Personal information
- Full name: Miguel Ángel Matamoros Morales
- Date of birth: 10 May 1949 (age 77)
- Place of birth: Amapala, Valle, Honduras
- Position: Defender

Senior career*
- Years: Team / Apps / (Gls)
- 1966–1973: Olimpia
- 1974–1977: Mallorca / 36 / (0)

International career
- 1969–1973: Honduras / 3 / (0)
- 1972: CONCACAF / 3 / (0)

= Miguel Ángel Matamoros =

Honduran footballer (born 1949)

Miguel Ángel Matamoros Morales (born 10 May 1949) is a retired Honduran footballer. Nicknamed "Shinola", he played for Olimpia within the Liga Nacional de Fútbol de Honduras and for Mallorca within the Tercera División de España throughout the 1970s.

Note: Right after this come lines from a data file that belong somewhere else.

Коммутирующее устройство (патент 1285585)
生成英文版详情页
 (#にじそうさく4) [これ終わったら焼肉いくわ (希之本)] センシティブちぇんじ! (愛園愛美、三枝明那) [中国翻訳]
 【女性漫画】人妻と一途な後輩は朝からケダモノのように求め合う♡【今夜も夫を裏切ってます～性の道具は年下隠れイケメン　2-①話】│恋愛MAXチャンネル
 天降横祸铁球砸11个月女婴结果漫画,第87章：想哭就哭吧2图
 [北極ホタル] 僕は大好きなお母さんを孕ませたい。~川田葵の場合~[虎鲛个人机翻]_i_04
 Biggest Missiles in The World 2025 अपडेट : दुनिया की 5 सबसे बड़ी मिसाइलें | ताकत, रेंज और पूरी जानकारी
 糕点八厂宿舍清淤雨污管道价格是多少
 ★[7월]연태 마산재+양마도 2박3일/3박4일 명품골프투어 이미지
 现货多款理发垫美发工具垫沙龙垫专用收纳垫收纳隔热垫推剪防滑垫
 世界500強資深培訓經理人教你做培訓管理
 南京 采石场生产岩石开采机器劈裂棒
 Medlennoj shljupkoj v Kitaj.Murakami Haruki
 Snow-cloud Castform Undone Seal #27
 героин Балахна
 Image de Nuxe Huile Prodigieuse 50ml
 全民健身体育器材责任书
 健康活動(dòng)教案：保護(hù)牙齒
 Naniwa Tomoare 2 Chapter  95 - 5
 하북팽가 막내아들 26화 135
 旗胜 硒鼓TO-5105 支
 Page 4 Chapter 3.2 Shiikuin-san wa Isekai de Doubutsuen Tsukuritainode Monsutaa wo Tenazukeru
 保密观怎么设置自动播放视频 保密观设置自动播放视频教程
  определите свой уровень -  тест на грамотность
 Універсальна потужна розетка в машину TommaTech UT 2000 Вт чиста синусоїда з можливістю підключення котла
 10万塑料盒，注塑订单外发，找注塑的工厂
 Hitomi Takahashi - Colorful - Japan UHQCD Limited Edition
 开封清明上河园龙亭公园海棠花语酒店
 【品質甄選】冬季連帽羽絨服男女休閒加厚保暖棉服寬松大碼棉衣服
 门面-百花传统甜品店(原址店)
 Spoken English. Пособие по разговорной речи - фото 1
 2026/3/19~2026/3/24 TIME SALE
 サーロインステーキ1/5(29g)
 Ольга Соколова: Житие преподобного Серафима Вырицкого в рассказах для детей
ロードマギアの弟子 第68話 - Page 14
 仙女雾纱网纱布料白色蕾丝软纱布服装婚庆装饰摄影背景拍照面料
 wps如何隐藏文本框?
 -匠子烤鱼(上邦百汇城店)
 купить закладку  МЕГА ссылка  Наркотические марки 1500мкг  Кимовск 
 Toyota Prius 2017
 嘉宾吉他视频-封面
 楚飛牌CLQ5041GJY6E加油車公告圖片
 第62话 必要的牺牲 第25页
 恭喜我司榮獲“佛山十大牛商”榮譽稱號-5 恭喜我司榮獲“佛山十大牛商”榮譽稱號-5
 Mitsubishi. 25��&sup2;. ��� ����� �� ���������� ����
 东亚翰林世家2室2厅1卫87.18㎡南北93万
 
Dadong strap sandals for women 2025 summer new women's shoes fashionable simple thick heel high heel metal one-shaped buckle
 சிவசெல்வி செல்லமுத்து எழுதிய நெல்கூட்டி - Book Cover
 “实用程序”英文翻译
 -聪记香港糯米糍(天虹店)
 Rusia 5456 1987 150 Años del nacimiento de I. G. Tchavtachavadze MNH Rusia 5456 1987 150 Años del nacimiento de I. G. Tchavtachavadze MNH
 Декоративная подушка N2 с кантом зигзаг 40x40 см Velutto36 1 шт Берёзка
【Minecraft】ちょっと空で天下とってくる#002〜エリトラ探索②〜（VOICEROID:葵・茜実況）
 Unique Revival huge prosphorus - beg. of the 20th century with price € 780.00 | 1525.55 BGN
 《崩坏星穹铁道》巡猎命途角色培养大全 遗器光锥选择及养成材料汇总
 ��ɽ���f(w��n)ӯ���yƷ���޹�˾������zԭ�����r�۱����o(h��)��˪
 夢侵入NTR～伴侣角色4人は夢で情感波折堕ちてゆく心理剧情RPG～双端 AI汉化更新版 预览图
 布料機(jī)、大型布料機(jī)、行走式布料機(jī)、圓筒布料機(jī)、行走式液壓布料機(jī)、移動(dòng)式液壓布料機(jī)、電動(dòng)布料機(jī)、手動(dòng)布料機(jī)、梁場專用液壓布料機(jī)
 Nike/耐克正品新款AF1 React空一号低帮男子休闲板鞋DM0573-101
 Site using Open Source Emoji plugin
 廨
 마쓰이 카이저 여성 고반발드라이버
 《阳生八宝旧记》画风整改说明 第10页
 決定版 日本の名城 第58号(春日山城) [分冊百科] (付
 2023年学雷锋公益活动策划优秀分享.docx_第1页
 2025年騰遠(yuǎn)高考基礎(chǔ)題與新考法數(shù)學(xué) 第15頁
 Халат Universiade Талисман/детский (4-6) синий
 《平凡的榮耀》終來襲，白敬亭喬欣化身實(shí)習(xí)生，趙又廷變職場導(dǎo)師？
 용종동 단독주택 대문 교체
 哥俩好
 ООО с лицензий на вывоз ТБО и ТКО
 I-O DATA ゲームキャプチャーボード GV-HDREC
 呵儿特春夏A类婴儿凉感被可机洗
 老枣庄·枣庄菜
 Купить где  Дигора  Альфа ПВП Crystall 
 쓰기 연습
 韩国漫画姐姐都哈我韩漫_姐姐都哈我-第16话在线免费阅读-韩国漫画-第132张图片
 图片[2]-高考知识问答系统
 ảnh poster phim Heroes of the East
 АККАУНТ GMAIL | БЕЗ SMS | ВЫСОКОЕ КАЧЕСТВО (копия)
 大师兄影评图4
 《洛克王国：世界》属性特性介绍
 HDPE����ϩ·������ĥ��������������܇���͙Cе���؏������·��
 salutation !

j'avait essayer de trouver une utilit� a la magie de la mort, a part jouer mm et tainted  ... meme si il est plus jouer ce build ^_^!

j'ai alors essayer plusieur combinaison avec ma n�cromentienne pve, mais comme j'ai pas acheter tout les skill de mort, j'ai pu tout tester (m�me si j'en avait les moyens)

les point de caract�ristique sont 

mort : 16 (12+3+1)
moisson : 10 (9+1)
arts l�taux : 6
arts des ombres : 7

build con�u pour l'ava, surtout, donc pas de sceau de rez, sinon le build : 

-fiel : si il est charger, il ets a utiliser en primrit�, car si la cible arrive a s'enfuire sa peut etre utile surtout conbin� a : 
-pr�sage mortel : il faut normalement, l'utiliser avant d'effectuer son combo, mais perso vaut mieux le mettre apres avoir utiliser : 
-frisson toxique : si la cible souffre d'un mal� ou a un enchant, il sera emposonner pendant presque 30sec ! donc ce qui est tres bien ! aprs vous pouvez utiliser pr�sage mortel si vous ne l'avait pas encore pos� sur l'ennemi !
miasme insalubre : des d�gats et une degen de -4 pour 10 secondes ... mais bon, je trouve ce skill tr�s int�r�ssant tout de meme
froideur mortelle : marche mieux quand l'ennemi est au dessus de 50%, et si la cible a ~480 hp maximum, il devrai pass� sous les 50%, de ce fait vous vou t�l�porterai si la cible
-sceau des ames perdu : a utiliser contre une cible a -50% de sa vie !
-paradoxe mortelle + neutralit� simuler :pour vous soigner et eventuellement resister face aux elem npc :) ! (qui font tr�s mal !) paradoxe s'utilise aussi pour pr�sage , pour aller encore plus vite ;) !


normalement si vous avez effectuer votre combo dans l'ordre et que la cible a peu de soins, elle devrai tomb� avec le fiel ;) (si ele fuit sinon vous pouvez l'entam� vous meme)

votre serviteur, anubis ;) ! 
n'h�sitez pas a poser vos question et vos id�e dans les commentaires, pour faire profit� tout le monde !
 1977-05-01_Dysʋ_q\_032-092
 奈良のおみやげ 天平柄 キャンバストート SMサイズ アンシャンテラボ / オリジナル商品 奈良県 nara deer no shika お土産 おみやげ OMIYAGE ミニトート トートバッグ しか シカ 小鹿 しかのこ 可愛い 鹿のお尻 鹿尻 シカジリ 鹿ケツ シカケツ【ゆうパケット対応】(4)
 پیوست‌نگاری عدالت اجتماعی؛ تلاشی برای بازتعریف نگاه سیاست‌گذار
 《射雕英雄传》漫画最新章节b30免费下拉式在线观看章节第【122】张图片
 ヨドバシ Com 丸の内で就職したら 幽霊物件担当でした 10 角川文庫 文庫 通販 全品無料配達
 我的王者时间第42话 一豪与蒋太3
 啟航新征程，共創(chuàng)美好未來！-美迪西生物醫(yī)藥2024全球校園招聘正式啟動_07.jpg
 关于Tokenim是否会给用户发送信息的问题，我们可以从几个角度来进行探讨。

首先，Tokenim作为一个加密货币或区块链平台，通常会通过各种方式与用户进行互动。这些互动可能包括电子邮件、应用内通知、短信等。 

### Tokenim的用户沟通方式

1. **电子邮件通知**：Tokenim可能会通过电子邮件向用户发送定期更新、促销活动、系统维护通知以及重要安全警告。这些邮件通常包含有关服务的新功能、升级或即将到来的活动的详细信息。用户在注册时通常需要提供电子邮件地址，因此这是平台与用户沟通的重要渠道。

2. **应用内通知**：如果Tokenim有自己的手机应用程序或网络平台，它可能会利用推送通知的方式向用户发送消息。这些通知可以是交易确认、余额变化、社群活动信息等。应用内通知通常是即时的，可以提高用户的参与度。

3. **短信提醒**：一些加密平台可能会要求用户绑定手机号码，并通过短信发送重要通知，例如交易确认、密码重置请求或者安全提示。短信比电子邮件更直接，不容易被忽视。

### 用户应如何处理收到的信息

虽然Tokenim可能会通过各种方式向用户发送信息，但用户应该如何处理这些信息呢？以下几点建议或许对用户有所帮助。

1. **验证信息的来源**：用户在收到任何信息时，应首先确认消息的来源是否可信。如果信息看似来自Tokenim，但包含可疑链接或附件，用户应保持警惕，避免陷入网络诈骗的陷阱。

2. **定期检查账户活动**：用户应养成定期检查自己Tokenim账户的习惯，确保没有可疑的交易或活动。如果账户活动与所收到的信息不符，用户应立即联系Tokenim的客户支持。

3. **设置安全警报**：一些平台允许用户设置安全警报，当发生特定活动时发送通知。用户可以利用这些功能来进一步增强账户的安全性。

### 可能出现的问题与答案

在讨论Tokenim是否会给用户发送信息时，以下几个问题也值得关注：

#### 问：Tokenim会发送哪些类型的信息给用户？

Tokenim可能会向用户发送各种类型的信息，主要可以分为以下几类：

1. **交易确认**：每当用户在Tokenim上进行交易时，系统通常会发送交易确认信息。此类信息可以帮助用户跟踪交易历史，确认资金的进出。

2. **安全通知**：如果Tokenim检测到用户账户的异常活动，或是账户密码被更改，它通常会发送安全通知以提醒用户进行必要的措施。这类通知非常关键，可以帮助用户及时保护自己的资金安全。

He also represented Honduras for the 1971 and 1973 CONCACAF Championships.

==Club career==
Matamoros made his debut during the 1966–67 Honduran Liga Nacional for Olimpia, being part of the winning squad that helped the club earn their 1st ever title with this being repeated in the very following 1967–69 Honduran Liga Nacional. This rate of success would continue into the early 1970s as the club would win the 1969–70 and 1970–71 Honduran Liga Nacional as well as winning the 1972 CONCACAF Champions' Cup. In 1974, Matamoros was sought by Spanish side Mallorca to play for the upcoming 1974–75 Segunda División. Despite the club signing various foreign players in an attempt to escape their near relegation in the last season, ultimately found themselves relegated. Beginning in the 1975–76 Tercera División, Matamoros played for the following two seasons until retiring in 1977 with 36 appearances.

==International career==
Matamoros was first called up to represent Honduras for the 1970 FIFA World Cup qualifiers, notably participating in the games against El Salvador that would culminate in the Football War. He was then called up to represent Honduras as the delegations captain for the 1971 CONCACAF Championship. He made his final international appearances during the following 1973 CONCACAF Championship. He also represented a united CONCACAF team for the Brazil Independence Cup that primarily consisted of both Honduran and Haitian footballers.

==Personal life==
Following his retirement, Matamoros chose to stay in the city of Mallorca, starting his own family there and occasionally visiting his home country of Honduras.